German composer Andreas Willscher has (say the Press notes, we won’t claim expertise) won many awards for his compositions, which range from symphonic forms and oratorio to cabaret jazz and rock.
Organ Symphony No.5 is on a grand scale but mostly peaceful and meditative; in the sleeve notes the composer said it was subtitled “of Francis’s preaching on holy poverty” and the sound combines peaceful meditation with something of the glory of God clearly felt by a man like St Francis of Assisi.
To call Carson Cooman prolific would be like calling Michael Jackson a bit famous; we seem to get CDs of him every week and this one has, alas, been missed and thus neglected for a couple of months, which is a shame. We first played it through while looking up facts from World War One, and its quiet, sparse feel suited the sombre mood any research into the slaughter in the trenches always brings.
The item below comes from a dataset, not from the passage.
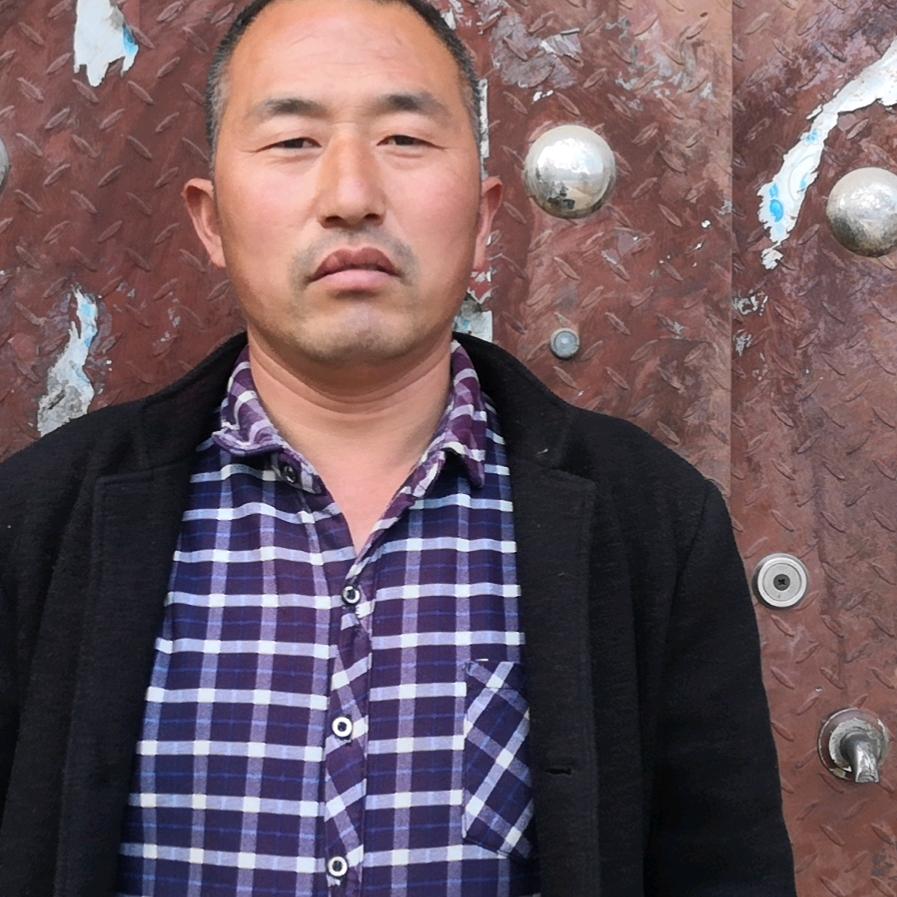 玉龙雪山家庭农场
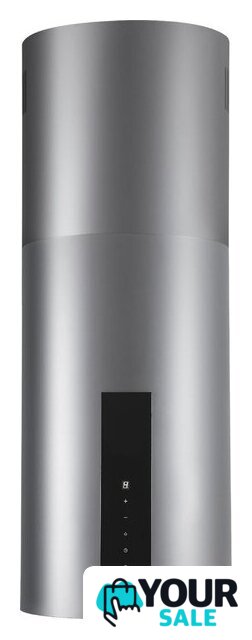 Кухонная вытяжка Korting KHA 35808 DX Cylinder - Изображение №1 — Интернет-магазин Your Sale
The opening section is quiet but the second movement louder and rather grander and fanfare-like, the composer trying to get the sound of bagpipes, according to the sleeve notes. The quieter third and fifth movements introduce Gregorian themes and melodies, and while there are some comparatively livelier moments, by the seventh movement, it’s gone very quiet. Stretches such as this movement are the most interesting, and, as with some other sections, a most un-organ-like sound is produced: in places, it sounds more electronic than organ, particularly in the final section, the end where the long notes make it appear as if the CD has stuck. Before that it almost closes stirringly, with a toccata, and a loudly tranquil fugato. An album well suited to moments of contemplation.